Confirmed by the Minister of Public Enterprises, Lautafi Selafi Purcell, he said the government is not pressuring the company.
“We are waiting for the proposal and there is more to be done to ensure their proposal is well prepared,” Lautafi told the Samoa Observer.
“It’s not just the building (S.L.C. headquarters) they want to use but it’s the shift of their company that will be coming. We want them to be well prepared rather than rushing in just to fill in the (empty) house.
“So we are not pressuring them. They are aware that government has accepted them to come in and there is a building for them.”
Four months ago, the founder and Medical Director of Hope 4 Cancer Institute in Mexico, Dr. Antonio Jimenez made a presentation to Prime Minister and Cabinet ministers about their cause.
Prime Minister Tuilaepa Sa’ilele Malielegaoi had initially announced that the abandoned Medcen hospital at Vailima was to be used by the Group.
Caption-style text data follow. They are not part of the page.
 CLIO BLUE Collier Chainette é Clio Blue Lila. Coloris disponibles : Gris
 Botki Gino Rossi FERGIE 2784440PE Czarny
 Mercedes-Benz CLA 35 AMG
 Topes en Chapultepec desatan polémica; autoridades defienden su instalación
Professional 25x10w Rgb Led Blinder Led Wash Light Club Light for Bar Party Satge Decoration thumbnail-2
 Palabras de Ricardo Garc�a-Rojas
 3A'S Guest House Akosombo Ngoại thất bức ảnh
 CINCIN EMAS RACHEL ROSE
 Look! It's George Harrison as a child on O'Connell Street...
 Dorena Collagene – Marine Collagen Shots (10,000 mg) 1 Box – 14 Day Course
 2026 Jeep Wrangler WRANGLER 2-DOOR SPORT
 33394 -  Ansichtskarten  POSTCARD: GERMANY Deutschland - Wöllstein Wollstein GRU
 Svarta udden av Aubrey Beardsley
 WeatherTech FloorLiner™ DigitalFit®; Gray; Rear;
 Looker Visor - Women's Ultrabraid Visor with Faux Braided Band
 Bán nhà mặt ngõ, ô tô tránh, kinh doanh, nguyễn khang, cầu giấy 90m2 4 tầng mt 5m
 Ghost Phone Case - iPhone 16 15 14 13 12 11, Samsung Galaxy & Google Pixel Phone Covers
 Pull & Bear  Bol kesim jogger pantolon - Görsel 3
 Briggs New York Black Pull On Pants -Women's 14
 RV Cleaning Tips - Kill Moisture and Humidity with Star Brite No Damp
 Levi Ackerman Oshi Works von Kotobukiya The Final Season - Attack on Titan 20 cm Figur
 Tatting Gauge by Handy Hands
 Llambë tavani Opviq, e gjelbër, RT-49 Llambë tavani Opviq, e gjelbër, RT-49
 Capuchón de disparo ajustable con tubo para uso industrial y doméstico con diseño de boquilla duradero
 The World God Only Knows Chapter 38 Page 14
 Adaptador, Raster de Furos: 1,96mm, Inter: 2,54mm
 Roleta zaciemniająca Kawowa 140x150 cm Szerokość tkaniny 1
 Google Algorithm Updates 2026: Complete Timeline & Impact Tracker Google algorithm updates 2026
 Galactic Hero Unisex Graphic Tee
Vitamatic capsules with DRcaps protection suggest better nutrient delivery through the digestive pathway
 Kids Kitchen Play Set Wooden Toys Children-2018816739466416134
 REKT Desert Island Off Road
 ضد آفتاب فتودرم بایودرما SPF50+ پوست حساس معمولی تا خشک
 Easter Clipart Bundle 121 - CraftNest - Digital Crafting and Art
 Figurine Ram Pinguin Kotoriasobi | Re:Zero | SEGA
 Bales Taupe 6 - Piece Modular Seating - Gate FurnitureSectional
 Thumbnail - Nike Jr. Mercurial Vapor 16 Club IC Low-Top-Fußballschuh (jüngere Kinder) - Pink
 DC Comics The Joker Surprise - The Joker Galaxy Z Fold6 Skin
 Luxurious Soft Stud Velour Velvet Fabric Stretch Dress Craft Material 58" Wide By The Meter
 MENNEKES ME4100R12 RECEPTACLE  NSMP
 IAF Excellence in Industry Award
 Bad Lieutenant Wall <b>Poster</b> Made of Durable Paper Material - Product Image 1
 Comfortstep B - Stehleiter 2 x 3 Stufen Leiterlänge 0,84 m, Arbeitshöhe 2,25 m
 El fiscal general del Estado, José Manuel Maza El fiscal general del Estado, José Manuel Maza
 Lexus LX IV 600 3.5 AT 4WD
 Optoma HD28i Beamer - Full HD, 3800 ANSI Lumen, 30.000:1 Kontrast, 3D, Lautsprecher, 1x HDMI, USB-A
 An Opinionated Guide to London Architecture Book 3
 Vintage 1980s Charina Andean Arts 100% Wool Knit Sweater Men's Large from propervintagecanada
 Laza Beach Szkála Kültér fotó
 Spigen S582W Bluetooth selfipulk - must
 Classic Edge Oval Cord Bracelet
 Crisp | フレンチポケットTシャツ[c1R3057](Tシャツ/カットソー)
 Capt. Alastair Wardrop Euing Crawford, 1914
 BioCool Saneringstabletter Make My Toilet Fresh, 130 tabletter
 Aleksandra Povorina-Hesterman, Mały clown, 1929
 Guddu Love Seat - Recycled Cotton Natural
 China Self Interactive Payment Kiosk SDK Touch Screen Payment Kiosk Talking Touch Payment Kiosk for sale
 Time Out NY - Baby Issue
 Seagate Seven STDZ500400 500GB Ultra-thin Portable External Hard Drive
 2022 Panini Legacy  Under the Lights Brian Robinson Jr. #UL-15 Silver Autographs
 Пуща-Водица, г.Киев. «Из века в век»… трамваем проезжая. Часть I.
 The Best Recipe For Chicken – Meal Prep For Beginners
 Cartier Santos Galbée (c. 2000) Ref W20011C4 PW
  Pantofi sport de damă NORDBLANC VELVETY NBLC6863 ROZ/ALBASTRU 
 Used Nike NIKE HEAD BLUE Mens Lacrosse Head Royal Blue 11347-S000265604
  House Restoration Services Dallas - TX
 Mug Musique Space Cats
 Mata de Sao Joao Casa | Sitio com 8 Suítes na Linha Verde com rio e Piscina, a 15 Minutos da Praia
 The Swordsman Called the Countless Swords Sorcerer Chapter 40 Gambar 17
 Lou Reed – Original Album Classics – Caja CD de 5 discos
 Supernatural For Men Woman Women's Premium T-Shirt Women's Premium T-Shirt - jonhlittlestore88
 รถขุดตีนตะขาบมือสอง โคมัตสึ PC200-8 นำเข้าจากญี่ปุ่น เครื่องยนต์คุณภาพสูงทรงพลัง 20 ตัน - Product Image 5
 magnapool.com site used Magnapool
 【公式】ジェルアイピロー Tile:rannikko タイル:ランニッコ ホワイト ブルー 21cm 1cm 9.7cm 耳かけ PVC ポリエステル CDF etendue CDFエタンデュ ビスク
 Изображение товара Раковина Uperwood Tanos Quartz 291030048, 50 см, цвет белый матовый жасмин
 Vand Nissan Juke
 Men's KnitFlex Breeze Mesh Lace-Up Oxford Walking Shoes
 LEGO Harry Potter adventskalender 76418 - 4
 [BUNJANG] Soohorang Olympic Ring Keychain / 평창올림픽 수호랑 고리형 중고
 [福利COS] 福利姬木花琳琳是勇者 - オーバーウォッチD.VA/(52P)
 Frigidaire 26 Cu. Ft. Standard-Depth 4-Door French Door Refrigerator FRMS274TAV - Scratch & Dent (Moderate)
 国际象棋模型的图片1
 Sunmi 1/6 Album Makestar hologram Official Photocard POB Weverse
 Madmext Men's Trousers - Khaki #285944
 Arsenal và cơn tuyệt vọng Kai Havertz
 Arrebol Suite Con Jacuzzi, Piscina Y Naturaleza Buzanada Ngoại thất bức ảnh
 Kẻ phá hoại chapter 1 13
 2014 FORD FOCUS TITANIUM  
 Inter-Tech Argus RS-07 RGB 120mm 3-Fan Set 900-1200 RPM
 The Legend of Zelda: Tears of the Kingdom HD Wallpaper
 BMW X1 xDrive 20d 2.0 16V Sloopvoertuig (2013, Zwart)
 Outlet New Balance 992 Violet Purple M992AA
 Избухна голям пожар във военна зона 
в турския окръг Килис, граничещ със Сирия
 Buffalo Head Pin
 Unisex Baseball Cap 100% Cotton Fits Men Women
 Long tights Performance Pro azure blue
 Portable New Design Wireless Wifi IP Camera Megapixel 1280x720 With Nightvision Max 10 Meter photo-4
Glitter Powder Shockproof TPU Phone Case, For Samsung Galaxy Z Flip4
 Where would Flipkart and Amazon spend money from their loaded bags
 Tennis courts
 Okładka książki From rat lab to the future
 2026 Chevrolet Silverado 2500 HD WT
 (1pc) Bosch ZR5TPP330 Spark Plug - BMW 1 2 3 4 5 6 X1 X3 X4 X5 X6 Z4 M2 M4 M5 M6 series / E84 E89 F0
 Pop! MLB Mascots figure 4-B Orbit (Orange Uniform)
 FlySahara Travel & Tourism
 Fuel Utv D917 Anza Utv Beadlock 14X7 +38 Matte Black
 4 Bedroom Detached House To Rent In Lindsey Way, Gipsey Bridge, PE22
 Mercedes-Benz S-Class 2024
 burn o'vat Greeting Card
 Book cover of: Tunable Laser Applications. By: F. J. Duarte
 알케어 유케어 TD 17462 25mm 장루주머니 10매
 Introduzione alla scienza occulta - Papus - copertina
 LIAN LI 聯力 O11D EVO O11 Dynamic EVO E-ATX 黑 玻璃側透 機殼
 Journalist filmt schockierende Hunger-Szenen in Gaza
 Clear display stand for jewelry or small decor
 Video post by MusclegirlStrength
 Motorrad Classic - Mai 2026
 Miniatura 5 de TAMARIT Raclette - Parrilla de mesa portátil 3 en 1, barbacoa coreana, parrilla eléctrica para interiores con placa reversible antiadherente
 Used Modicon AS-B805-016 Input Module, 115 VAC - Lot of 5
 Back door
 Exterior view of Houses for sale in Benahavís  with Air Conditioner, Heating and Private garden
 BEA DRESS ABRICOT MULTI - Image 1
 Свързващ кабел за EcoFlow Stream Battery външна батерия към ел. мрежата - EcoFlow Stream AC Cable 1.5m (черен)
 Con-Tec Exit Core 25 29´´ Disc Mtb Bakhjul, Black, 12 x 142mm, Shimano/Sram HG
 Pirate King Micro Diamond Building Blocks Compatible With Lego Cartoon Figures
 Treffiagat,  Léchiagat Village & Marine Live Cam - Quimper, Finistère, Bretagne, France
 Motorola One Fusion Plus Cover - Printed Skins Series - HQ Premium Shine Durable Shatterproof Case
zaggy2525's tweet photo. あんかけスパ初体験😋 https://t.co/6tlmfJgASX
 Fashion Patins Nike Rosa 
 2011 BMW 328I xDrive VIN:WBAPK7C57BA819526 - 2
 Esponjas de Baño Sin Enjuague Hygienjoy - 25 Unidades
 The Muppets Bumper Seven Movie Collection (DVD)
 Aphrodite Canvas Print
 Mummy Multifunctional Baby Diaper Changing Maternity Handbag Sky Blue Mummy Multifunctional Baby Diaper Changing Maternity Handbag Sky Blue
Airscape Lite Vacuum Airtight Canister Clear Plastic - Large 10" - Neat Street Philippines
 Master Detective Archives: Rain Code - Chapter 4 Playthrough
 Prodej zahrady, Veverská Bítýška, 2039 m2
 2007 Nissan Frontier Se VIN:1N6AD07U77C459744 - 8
That later changed when Tuilaepa said the empty S.L.C. headquarters would be given to them instead.
Tuilaepa embraced the group.
“These doctors from the United States of America are here with the hope to set up a clinic here in Samoa that will treat all illnesses especially Cancer by using different kinds of treatment rather than letting the patient go through chemo and radiation,” he said.
“This group is highly recommending healthy eating and natural healing, like us here in Samoa. There are a lot of cancer patients who don’t want to go through the normal treatment of cancer like chemo and radiation but they would gladly go through what these doctors are bringing on the table.”
He explained; “The reason why they want to setup a clinic here in Samoa is because most of their patients are from New Zealand and Australia and so it would be easier for these patients to travel to Samoa rather than spending a lot of money going to America which is expensive.
“They (cancer patients) also don’t want to go through the hard treatment but rather take these treatments that are much easier and less painful.”
Last month, Minister Lautafi said a special committee has been approved by Cabinet to prepare an agreement for the $4.2million headquarter that will house the Hope 4 Cancer clinic.
He said every detail of the lease will be included in the agreement.
While the government did not hold back its support for the Mexican own clinic, the Samoa Cancer Society had their concerns.
In a recent interview with the S.C.S. Executive officer, Shelley Burich she said it was wrong for patients to be denied the option of going through chemotherapy and radiotherapy.
“What we want to say to the government is if they want to offer alternative treatment, then it’s okay. But don’t do away the Overseas Medical Treatment (O.V.T.),” she said.
“They won’t be doing chemo or radio. With the supplements they will be using I don’t know about that. We don’t know what is in it. So what we are pushing to the government is it’s wrong not to give that option of radio and chemo because not everyone would want to go the alternative way.”